Ritorno a Roma e le discussioni con Corsini
A fine agosto 1975 Giorgio deve fare ritorno in Italia per non incorrere in sanzioni e nelle squalifiche che il Presidente della Lazio aveva minacciato di effettuare nel caso in cui il centravanti non si fosse presentato. A Fiumicino lo accolgono migliaia di tifosi e Giorgio sembra trovare nuovi entusiasmi ma amara è la realtà che trova a Centro Sportivo Tor di Quinto-Tommaso Maestrelli. Tommaso Maestrelli, stremato dalla malattia, non è più l'allenatore della Lazio ed è sostituito da Giulio Corsini, un personaggio dal carattere opposto a quello del Maestro, che si atteggiava a sergente di ferro e che aveva voluto rinnovare la squadra smembrando quella formazione che solo due anni prima aveva vinto lo Scudetto. I due si scontrano immediatamente e non si sopportano vicevendolmente. La squadra va male e presto rimane impelagata nella zona retrocessione.

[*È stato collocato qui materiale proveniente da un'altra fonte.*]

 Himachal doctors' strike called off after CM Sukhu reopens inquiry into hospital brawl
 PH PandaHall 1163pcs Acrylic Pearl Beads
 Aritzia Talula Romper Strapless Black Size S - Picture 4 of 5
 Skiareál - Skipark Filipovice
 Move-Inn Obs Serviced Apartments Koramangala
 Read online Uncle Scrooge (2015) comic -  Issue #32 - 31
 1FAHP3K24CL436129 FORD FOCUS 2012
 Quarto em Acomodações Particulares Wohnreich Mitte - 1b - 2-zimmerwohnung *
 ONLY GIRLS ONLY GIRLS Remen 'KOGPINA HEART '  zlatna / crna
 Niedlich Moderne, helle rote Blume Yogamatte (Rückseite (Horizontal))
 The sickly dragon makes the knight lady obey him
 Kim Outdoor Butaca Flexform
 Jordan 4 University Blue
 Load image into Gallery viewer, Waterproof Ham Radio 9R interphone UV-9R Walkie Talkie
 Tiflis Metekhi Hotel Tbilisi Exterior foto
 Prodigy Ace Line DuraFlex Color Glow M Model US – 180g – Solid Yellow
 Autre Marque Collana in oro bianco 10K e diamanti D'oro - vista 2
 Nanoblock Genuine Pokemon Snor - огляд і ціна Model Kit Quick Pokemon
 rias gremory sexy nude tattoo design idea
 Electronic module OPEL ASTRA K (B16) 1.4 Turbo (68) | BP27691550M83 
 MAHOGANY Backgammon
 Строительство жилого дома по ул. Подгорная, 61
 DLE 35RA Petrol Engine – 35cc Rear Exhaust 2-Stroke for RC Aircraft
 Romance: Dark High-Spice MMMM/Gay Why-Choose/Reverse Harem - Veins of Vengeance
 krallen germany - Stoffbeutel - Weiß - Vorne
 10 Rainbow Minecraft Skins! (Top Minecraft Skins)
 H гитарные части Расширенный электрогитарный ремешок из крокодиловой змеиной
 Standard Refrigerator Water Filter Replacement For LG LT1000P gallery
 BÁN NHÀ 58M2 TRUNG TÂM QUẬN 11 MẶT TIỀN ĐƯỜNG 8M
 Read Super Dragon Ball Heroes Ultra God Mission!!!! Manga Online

Corsini accusa Chinaglia di remargli contro, Chinaglia a sua volta lo accusa di non capire nulla di calcio. Il 16 novembre 1975, nell'intervallo del Derby che la Lazio sta perdendo per 1-0, i due si scontrano ferocemente negli spogliatoi. Corsini a brutto muso urla a Chinaglia: "Finché io sarò l'allenatore tu non andrai mai negli Usa a vedere la famiglia!" Chinaglia risponde: "I patti con la Società sono che io vada negli USA una volta al mese e quindi non ti impicciare." L'allenatore tiene duro, Chinaglia scoppia a piangere per la rabbia ma a questo punto la squadra viene in soccorso al giocatore, attaccando violentemente Corsini. Chinaglia non sta a guardare e i due vengono praticamente alle mani. Ci vogliono dirigenti e inservienti per evitare una tragedia. Ma ormai è ammutinamento generale e il giocatore torna in campo con una carica enorme e segna la rete del pareggio sotto un diluvio. La sera stessa parte per New York. La domenica seguente la Lazio perde ad Ascoli e Corsini viene esonerato. Al suo posto ritorna a sorpresa Maestrelli che pare recuperato miracolosamente.
L'Addio alla Lazio
Chinaglia si calma ma ormai è deciso a lasciare la Lazio, a costo di smetterla con il calcio. Lenzini deve cedere per non perdere soldi e la sera del 25 aprile 1976, dopo aver giocato la sua ultima gara in biancazzurro contro il Torino, Giorgio parte definitivamente per andare a giocare nei New York Cosmos chiudendo così la sua avventura in biancoceleste, dopo 209 partite in campionato e 98 reti. Il giocatore ormai è deciso, non può e non vuole tornare indietro, è troppo stanco di fare su e giù per visitare la famiglia ed è troppo stanco della stampa italiana che muove il dito contro di lui ogni qualvolta si trovi in situazioni particolari o quando gli capiti di giocare meno bene del consueto. Per evitare che i tifosi della Lazio, affezionatissimi al giocatore, gli possano impedire di partire, decide di prendere un aerotaxi diretto a Genova dall'aeroporto dell'Urbe. Da qui un altro aereo lo porterà a Parigi da dove finalmente volerà verso New York. Ma ora lo aspetta "O Rei" Pelé, suo nuovo compagno di squadra e una nuova squadra.